Above you can see a run of the first inscribed gold coinage. (Click on the image to view a larger image.) These coins were recently discovered in present day Turkey, taken to Germany and then sold to some US coin dealers. They are part of a small horde that is showing up at major auctions. These coins will be quickly bought by world collectors who understand the significance and value of these artifacts and they will henceforth return to the open market on very rare occasions.
They date to about 625 BCE. At that time international trade deals that involved goods such as wine and olive oil, were often settled for quantities of weighed precious metal such as gold and silver. The jugs of olive oil and wine were stamped with an image and a word (usually a word such as Melek which meant "Of the King."). This stamp guaranteed that the jugs contained a certain weight and purity of content.
It occurred to King Alyattes of Lydia (present day Turkey) to stamp the quantities of gold and silver in a similar fashion.
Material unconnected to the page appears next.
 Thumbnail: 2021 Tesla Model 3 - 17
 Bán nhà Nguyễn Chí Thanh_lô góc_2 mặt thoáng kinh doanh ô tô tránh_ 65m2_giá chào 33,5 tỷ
He used the image of a lion and stamped a word that is generally interpreted as "Walwel" - though this interpretation is certainly speculative. See the image above.
This was the origin of coinage. This invention spread quickly down from Lydia through Persia and down through Greece. It became an integral facet of the movement from Tyrany to democracy, as power moved from the Tyrant into the hands of individual traders, farmers, shopkeepers, etc.
But why gold and silver? Because even at that early date, these had been used as mediums of exchange for several millennia. This may seem arbitrary to some. Aristotle thought about this issue and came up with this answer: "Gold is durable, not like wheat, divisible, not like diamonds, convenient, not like lead, constant, not like real estate, and best of all, as jewelry, it has intrinsic value."
Whether or not this answer satisfies you, the fact is, in recorded history, it has always been thus with humans. In recent history it only since Richard Nixon closed the gold window (the convertibility of paper money into precious metal) in 1971 that the world has left off the use of gold as money. And once again power - and wealth - is being concentrated in the hands of central governments - or Tyrants.
But there have been many such experiments in the history of humanity and they have all ended the exact same way. Paper money always ends up returning to its intrinsic value - which is close to nothing. And gold always regains its status as real money.